In the code block below, aggDF contains aggregations on a streaming DataFrame:

aggDF.writeStream \

.format("console") \

.outputMode("???") \

.start()

Which output mode at line 3 ensures that the entire result table is written to the console during each trigger execution?

Options:

A.

AGGREGATE

B.

COMPLETE

C.

REPLACE

D.

APPEND

Question 38

A data analyst builds a Spark application to analyze finance data and performs the following operations: filter, select, groupBy, and coalesce.

Which operation results in a shuffle?

Options:

A.

groupBy

B.

filter

C.

select

D.

coalesce

Question 39

A data engineer writes the following code to join two DataFrames df1 and df2:

df1 = spark.read.csv("sales_data.csv") # ~10 GB

df2 = spark.read.csv("product_data.csv") # ~8 MB

result = df1.join(df2, df1.product_id == df2.product_id)

Which join strategy will Spark use?

Options:

A.

Shuffle join, because AQE is not enabled, and Spark uses a static query plan

B.

Broadcast join, as df2 is smaller than the default broadcast threshold

C.

Shuffle join, as the size difference between df1 and df2 is too large for a broadcast join to work efficiently

D.

Shuffle join because no broadcast hints were provided

Question 40

Given this code:

.withWatermark("event_time", "10 minutes")

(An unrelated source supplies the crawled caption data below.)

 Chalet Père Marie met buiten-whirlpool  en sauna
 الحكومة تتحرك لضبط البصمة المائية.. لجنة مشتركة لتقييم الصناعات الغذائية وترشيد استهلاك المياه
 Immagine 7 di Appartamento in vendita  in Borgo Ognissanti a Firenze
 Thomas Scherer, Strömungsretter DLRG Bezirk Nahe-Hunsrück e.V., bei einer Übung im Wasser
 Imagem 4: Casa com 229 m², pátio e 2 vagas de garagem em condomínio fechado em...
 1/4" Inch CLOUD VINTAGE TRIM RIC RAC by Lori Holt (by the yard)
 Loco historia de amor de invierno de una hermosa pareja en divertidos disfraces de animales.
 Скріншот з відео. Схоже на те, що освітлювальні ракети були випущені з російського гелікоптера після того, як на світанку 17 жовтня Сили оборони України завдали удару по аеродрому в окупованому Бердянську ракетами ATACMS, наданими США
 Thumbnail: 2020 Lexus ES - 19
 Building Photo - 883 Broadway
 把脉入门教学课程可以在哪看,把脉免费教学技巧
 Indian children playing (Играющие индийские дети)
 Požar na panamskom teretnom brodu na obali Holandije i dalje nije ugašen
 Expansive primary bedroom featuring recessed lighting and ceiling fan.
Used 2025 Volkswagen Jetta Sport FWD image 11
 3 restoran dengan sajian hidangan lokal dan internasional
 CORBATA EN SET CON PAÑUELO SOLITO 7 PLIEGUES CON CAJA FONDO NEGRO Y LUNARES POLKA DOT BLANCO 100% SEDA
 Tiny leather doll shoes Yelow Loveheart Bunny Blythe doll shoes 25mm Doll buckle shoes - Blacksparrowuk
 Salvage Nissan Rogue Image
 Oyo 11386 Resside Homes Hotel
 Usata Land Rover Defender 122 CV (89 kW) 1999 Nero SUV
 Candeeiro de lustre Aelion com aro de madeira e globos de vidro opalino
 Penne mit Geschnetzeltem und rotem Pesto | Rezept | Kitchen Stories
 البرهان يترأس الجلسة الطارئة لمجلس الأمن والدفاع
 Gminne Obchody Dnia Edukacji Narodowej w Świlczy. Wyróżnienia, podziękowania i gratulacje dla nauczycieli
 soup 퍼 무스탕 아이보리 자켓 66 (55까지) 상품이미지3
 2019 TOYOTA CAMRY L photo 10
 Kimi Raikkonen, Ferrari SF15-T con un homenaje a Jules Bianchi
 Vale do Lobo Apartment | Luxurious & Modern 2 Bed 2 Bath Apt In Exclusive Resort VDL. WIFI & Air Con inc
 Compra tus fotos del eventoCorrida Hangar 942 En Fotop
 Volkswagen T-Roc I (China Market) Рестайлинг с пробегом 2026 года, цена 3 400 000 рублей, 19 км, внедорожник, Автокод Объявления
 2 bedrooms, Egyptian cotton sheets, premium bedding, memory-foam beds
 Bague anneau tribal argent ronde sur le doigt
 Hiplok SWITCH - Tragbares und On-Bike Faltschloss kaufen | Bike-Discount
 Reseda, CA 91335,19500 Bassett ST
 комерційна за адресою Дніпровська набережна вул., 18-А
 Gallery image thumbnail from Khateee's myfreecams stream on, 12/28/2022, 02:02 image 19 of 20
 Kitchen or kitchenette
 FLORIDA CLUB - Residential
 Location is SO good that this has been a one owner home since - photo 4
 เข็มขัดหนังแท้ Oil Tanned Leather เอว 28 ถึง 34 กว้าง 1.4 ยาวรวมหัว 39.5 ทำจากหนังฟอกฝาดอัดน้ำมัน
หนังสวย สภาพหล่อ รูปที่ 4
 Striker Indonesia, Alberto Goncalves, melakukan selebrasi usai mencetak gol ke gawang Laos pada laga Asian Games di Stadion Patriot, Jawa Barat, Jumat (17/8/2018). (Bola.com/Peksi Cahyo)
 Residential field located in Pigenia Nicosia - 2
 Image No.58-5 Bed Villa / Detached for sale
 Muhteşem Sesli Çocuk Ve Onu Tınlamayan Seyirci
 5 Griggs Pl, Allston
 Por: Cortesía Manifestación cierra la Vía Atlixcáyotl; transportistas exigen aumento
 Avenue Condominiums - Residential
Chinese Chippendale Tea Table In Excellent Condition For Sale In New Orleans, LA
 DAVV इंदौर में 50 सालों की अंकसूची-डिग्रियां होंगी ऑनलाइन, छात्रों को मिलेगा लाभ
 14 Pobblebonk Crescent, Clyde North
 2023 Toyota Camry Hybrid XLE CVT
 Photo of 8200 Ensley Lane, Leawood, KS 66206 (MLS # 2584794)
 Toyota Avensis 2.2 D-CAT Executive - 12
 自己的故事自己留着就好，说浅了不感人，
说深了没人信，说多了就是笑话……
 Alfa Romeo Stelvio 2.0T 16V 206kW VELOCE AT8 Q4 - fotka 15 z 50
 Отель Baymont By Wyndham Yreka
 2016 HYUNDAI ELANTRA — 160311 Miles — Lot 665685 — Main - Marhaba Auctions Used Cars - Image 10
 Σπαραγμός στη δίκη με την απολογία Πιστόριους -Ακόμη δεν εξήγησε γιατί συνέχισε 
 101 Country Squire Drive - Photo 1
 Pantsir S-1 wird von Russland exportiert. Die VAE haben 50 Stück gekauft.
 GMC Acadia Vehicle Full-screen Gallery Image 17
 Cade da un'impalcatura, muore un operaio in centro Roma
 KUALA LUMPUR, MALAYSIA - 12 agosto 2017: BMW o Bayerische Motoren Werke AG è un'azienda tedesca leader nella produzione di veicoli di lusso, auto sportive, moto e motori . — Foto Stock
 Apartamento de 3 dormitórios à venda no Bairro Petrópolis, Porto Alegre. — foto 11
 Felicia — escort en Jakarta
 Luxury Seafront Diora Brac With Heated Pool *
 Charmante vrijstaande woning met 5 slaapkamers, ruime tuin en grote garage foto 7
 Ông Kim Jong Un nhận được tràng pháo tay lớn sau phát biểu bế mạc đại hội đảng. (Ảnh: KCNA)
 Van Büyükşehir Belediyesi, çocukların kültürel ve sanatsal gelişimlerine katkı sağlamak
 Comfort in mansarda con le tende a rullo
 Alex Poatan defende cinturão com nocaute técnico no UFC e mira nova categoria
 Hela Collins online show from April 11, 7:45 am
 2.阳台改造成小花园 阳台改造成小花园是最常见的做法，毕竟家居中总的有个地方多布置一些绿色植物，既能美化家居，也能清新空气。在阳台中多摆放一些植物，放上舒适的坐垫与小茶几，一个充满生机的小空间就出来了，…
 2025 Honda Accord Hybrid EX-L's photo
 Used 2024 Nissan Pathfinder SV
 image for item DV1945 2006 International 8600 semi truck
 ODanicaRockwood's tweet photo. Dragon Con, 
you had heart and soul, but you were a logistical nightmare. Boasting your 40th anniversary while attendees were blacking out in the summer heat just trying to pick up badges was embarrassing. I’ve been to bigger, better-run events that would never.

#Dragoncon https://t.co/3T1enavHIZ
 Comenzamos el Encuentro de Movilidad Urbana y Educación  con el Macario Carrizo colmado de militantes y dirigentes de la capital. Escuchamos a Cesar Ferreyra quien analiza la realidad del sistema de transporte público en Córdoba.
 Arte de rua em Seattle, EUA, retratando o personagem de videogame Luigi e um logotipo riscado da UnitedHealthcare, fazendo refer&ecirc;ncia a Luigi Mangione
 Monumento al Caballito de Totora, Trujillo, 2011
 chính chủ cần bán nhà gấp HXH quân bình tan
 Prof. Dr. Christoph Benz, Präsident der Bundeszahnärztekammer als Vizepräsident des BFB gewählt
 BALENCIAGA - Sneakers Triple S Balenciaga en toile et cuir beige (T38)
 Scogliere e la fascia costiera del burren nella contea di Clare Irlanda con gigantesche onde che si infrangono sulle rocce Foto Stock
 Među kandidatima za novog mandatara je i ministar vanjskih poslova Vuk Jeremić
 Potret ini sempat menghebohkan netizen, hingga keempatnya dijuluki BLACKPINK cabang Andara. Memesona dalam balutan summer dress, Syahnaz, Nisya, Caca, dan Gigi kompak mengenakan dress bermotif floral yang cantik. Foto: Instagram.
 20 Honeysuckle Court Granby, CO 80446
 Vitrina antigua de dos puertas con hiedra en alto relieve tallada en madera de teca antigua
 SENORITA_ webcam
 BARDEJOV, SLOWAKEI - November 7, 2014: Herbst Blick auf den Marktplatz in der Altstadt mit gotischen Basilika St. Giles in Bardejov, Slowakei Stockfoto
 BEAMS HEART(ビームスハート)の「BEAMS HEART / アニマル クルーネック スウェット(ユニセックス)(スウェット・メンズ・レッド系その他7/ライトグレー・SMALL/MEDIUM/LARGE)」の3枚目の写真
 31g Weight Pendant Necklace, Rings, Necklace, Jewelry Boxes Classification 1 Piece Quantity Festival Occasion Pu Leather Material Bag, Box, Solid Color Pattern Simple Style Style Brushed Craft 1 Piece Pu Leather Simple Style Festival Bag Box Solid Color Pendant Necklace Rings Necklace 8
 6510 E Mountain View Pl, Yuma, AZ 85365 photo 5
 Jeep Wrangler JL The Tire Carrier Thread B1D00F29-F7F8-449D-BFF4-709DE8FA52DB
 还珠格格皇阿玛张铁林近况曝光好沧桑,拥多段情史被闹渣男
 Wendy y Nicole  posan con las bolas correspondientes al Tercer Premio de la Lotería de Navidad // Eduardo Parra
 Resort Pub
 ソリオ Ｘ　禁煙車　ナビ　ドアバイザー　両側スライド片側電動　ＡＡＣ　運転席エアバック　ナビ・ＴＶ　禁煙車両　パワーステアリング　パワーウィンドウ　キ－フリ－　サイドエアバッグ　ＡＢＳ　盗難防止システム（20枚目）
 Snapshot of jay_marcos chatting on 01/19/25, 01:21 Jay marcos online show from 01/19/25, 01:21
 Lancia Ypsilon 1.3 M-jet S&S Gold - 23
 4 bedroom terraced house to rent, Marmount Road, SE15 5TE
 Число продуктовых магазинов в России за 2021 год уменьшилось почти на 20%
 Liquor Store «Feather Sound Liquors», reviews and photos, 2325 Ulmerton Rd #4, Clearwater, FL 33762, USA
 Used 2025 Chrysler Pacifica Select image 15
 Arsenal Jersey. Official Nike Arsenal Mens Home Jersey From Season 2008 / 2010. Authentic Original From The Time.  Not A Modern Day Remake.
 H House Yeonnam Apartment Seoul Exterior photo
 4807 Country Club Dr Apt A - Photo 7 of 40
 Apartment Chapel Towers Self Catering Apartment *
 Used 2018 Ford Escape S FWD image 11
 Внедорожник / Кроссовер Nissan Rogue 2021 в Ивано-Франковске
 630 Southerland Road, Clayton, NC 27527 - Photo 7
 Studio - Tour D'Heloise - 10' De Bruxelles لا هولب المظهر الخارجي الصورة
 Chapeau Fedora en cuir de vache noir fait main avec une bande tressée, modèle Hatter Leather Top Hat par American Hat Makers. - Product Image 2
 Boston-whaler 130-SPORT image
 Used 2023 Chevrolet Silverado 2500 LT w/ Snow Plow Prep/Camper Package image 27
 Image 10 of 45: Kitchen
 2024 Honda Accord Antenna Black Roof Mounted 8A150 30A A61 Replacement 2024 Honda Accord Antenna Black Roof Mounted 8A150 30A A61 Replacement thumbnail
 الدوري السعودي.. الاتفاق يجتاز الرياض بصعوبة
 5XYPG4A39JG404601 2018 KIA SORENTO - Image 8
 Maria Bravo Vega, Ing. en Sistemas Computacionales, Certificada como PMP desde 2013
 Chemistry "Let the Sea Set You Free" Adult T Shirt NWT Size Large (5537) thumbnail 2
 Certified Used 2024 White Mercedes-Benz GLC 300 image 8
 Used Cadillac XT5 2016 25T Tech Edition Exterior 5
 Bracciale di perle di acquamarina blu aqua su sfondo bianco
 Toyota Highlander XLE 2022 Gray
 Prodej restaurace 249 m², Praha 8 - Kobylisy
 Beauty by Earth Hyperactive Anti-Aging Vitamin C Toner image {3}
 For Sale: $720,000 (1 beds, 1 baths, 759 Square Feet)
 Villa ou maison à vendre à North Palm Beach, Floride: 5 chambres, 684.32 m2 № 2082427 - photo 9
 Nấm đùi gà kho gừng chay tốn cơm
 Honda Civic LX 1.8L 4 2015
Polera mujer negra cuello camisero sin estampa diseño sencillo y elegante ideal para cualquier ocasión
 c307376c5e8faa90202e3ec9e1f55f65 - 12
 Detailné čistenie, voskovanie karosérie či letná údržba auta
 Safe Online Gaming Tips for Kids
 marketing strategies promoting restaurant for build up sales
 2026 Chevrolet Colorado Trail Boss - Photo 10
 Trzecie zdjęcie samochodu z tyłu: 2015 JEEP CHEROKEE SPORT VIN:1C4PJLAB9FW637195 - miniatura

.groupBy(window("event_time", "15 minutes"))

.count()

What happens to data that arrives after the watermark threshold?

Options:

Options:

A.

Records that arrive later than the watermark threshold (10 minutes) will automatically be included in the aggregation if they fall within the 15-minute window.

B.

Any data arriving more than 10 minutes after the watermark threshold will be ignored and not included in the aggregation.

C.

Data arriving more than 10 minutes after the latest watermark will still be included in the aggregation but will be placed into the next window.

D.

The watermark ensures that late data arriving within 10 minutes of the latest event_time will be processed and included in the windowed aggregation.